Improving mental health assessments of looked after children in Doncaster
Doncaster is just one of nine pilot areas across the country that will trial a new approach to mental health assessments to help ensure that children and young people are assessed at the right time, with a focus on their individual needs for those in care.
Announced at the start of #ChildrensMentalHealthWeek to address the emotional and mental health and wellbeing of children and young people at the cusp of entering care, the pilot will enable services to work together to test and trial new ways of working to improve outcomes, aspirations and life chances for children and young people.
The mental health assessment pilots, run nationally by the Anna Freud Centre, will look at providing improved assessments for children entering the care system.
Currently its estimated that half of all children taken into care could meet the criteria for a mental health disorder, this compares to one in ten children outside the care system, its hoped that these pilots – backed by an investment of £650,000 nationally will identify the wellbeing needs of these children, include a referral onto a more specialist service if needed.
In Doncaster, a new Integrated Framework will be implemented, focussing on the psychological, emotional, educational, speech, language, communication and life skill needs of young people at the point they are near the edge of care or mental ill health; and support those who become looked after.
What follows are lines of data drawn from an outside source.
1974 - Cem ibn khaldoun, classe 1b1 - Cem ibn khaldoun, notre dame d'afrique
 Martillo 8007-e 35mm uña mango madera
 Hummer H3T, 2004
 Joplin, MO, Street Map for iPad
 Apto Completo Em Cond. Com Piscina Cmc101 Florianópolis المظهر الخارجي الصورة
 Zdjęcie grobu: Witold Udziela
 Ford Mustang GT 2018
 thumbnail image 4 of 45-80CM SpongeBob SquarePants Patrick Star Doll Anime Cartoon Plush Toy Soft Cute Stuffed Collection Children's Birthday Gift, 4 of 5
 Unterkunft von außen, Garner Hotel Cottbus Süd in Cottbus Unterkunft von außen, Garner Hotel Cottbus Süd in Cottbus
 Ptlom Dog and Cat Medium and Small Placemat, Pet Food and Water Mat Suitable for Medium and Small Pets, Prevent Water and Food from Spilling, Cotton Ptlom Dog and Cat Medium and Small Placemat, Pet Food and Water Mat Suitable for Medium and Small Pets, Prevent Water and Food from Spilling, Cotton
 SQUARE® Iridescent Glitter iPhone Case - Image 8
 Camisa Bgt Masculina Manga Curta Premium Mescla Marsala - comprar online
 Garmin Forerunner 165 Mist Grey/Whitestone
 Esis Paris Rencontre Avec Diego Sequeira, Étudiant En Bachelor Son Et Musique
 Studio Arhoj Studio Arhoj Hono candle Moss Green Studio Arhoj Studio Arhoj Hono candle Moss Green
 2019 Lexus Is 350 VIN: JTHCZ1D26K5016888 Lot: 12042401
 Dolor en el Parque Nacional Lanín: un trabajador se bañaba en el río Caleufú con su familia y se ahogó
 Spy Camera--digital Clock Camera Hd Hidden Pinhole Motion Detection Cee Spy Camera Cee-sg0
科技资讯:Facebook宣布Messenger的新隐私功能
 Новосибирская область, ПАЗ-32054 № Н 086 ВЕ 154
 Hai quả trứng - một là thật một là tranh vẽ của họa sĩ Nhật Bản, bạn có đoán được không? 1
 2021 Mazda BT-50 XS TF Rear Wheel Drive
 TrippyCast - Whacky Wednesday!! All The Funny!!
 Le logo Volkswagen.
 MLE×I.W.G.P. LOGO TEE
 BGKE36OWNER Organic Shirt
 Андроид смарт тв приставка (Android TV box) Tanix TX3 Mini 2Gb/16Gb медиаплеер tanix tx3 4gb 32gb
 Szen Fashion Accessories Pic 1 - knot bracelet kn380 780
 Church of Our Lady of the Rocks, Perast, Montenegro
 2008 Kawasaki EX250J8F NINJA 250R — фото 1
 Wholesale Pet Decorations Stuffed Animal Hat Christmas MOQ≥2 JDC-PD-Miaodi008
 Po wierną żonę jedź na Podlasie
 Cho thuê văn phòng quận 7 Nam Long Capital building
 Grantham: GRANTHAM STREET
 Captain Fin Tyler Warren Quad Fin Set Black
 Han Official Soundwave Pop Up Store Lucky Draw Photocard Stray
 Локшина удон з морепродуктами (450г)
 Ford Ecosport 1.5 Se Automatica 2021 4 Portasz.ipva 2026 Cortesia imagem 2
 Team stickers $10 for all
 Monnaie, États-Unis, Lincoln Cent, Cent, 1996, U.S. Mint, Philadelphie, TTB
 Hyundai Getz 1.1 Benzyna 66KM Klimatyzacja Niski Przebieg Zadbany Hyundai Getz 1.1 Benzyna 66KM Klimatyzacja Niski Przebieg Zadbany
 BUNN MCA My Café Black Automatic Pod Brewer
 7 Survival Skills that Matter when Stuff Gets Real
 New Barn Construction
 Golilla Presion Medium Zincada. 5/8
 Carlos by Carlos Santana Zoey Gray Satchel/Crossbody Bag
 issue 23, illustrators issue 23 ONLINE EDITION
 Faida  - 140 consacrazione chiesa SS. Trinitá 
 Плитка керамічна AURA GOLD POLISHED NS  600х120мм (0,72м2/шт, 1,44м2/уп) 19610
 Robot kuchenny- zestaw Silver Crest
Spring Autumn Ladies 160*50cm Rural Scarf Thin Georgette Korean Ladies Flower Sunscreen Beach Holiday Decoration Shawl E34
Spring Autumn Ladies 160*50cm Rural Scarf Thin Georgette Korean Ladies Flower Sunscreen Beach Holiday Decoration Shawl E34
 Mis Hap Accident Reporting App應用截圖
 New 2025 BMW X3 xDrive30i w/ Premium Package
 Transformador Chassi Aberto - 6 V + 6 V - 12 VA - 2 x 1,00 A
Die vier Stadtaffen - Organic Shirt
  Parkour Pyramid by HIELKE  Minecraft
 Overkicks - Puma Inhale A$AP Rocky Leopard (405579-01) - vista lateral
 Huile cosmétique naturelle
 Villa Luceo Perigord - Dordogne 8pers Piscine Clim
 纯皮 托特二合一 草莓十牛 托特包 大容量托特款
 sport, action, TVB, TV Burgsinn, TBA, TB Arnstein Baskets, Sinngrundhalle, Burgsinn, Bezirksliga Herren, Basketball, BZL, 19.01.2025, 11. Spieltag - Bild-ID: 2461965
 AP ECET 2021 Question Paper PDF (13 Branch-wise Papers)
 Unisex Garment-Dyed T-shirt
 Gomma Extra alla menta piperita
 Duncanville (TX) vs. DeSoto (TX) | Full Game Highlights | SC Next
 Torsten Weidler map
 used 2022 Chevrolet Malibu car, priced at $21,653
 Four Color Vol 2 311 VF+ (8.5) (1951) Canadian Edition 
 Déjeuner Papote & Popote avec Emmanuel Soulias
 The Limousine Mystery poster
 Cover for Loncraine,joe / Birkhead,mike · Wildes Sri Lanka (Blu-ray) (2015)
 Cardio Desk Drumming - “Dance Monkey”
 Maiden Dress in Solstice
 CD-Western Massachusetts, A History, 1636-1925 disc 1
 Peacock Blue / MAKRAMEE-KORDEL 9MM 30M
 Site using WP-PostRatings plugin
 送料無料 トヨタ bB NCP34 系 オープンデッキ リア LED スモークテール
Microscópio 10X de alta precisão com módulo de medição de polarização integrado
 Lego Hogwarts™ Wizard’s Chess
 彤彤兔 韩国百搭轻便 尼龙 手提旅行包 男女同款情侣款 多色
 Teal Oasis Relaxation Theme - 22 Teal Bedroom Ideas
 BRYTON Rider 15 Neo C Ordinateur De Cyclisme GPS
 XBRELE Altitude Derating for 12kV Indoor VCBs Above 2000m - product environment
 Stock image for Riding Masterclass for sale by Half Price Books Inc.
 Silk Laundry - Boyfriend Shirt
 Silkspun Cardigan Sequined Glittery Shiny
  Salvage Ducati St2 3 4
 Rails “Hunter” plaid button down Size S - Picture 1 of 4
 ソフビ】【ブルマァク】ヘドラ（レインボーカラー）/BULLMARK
As part of the original bid to become a pilot area, a number of ambitions were set out, highlighting what the pilot will focus on and achieve. In Doncaster, we want to ensure from a young person’s perspective that they feel safe and supported, helping to reduce the number of episodes where a young person in care may go missing.
We also want to ensure that their behaviour is appropriately supported, which can often be as a direct result of being in care, having an impact on their mental health. This will help young people achieve and support their learning to fulfil their current and future aspirations. The pilot will also address why some young people in care experience placement breakdown, reducing the number of moves a young person in care can experience, supporting their social, emotional, mental and physical needs, now and preparation for the future.
Throughout the pilot, Doncaster Clinical Commissioning Group (CCG), Doncaster Children’s Services Trust and Rotherham, Doncaster and South Humber NHS Foundation Trust will work with young people to design and deliver services. We will also ensure existing forums and groups are engaged in the design and delivery process, including but not limited to:
· Doncaster’s Junior Care Council
· Children in Care Council (CiC)
· Care Leavers Forum
· Doncaster Children’s Services Trust Chief Executive Young Advisors
Young people will also be involved in the evaluation of the pilot at regular stages to see what is working and how things can be improved.
Dr David Crichton, GP and Chair of NHS Doncaster Clinical Commissioning Group said: “This is good news for the young people and their families in Doncaster.
“As a Looked After Children’s GP assessor, there are many occasions where I see the impact that being in care can have on a young person and the challenges on their mental health and wellbeing. This pilot will bring a much needed focus on the mental health of young people entering care, getting the right support, at the right time.”
The pilot will also ensure the whole assessment process is timely and responsive, avoiding duplication of assessments, resulting ultimately in better outcomes for young people and their families.
Paul Moffat, Chief Executive of Doncaster Children’s Services Trust said: “We’re really excited to work with our health colleagues on this pilot. The best assessments and plans are developed with children and young people - ensuring that they are the centre of our work, using their language and understanding their world.
“Our social workers, foster carers and homes strive to offer the best possible care and support for children coming into care. This pilot offers a great opportunity to better understand the mental health and wellbeing of those we care for, and how the partnership can meet their needs.”
The pilot will also build on existing Looked After Children Health services led by Rotherham, Doncaster and South Humber NHS Foundation Trust, dedicated to improve the health and wellbeing of children and young people who are in care.
Debbie Smith, Chief Operating Officer at Rotherham, Doncaster and South Humber NHS Foundation Trust said: “We are really pleased to be part of this national pilot.We have dedicated community nursing and mental health services to support Looked After Children in Doncaster. Our staff are looking forward to working with partners to improve and enhance the services and experiences for young people who might require additional support.”
This pilot is just one of a number of innovative approaches that key health and care organisations will be implementing across Doncaster over the coming months. In December 2018, Doncaster and Rotherham CCGs were also announced as trailblazer sites to provide expert mental health support for thousands of pupils a year – part of the Government’s ambitious plans to transform children and young people’s mental health through the NHS Long-Term Plan.
The Trailblazer which is not limited to looked after children and young people will ensure that new Mental Health Support Teams will support children and young people, who will be based in and near schools and colleges.